—Porque es el peor representante del mundo, y hace siempre los demonios en los autos del Corpus, y está perdigado[334] para demonio de veras, y para que haga en el infierno los autores si se representaren comedias; que algunas hacen estas farándulas, que aun para el infierno son malas.
—Uno he visto aquí—dijo don Cleofás—, entre los demás compañeros, que le he deseado cruzar la cara, porque me galanteó en Alcalá una doncella, moza mía, que se enamoró dél viéndole hacer un rey de Dinamarca.
—Doncella—dijo el Cojuelo—debía de ser de allá[335]; pero si quieres—prosiguió—que tomemos los dos venganza del Autor y del Representante, espera y verás cómo lo trazo; porque agora quieren repartir una comedia con que han de secundar en Madrid, y sobre los papeles has de ver lo que pasa.
Al mismo tiempo que decía esto el Cojuelo, el apuntador de la Compañía sacó de un alforja los de una comedia de Claramonte[336], que había acabado de copiar en Adamuz el tiempo que estuvieron allí, diciendo al Autor:
—Aquí será razón que se repartan estos papeles, entretanto que se adereza la comida y parece el Güésped.

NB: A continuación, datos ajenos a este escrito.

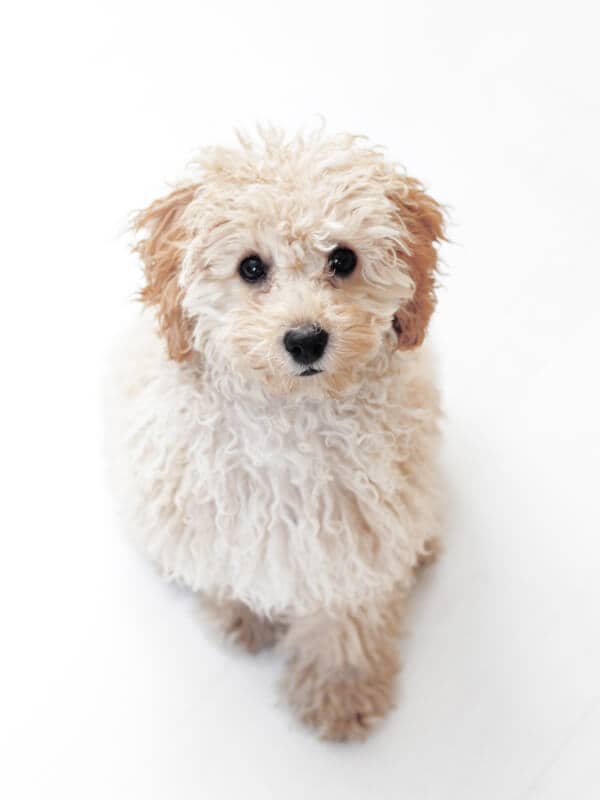 White Puppy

El Autor vino en ello, porque se dejaba gobernar del tal Apuntador, como de hombre que tenía grandísima curia en la comedia, y había sido estudiante en Salamanca, y le llamaban el Filósofo por mal nombre; y llegando con el papel de la segunda dama a Ana María, mujer del que cantaba los bajetes y bailaba los días de Corpus, habiéndole dado la primera dama a Mariana, la mujer del que cobraba y que hacía su parte también en las comedias de tramoya, arrojándole, dijo que ella había entrado para partir entre[337] las dos los primeros papeles, y que siempre le daban los segundos, y que ella podía enseñar a representar a cuantas andaban en la comedia, porque había representado al lado de las mayores representantas del mundo y en la legua[338] la llamaban Amarilis[339], segunda deste nombre. Esotra le dijo que no sabría mirar lo que ella con su zapato representaba[340], respondiéndole esotra que de cuándo acá tenía tanta soberbia, sabiendo que en Sevilla le prestó hasta las enaguas para hacer el papel de Dido[341] en la gran comedia de don Guillén de Castro, echando a perder la comedia y haciendo que silbasen la compañía.

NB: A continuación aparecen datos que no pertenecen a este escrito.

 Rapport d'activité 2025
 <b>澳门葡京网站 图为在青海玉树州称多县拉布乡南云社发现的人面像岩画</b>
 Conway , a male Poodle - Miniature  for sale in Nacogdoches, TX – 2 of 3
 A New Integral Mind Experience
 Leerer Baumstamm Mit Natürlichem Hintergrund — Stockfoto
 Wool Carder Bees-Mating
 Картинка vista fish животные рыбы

—Tú eres la silbada—dijo esotra—, y tu ánima[342].
Llegando a las manos y diciéndose palabras mayores, y tan grandes, que alcanzaron a los maridos; y sacando unos con otros las espadas, comenzó una batalla de comedia, metiéndolos en paz los mozos de mulas con los frenos que acababan de quitar; y dejándolos empelotados, se salieron don Cleofás y el Cojuelo de la venta al camino de Andalucía, quedándose abrasando a cuchilladas la compañía que fuera un Roncesvalles del molino del papel[343] si el Ventero no llegara con la Hermandad[344] en busca de los dos que se fueron, para prendello, con escopetas, chuzos y ballestas; y hallando esta nueva matanza en su venta, y jarros, tinajas y platos hechos tantos[345] en la refriega, los apaciguaron, y prendieron a los dichos representantes para llevarlos a Ciudad Real, habiendo de tener otra pelaza más pesada con el alguacil que los traía a Madrid por orden de los arrendadores, con comisión del Consejo[346].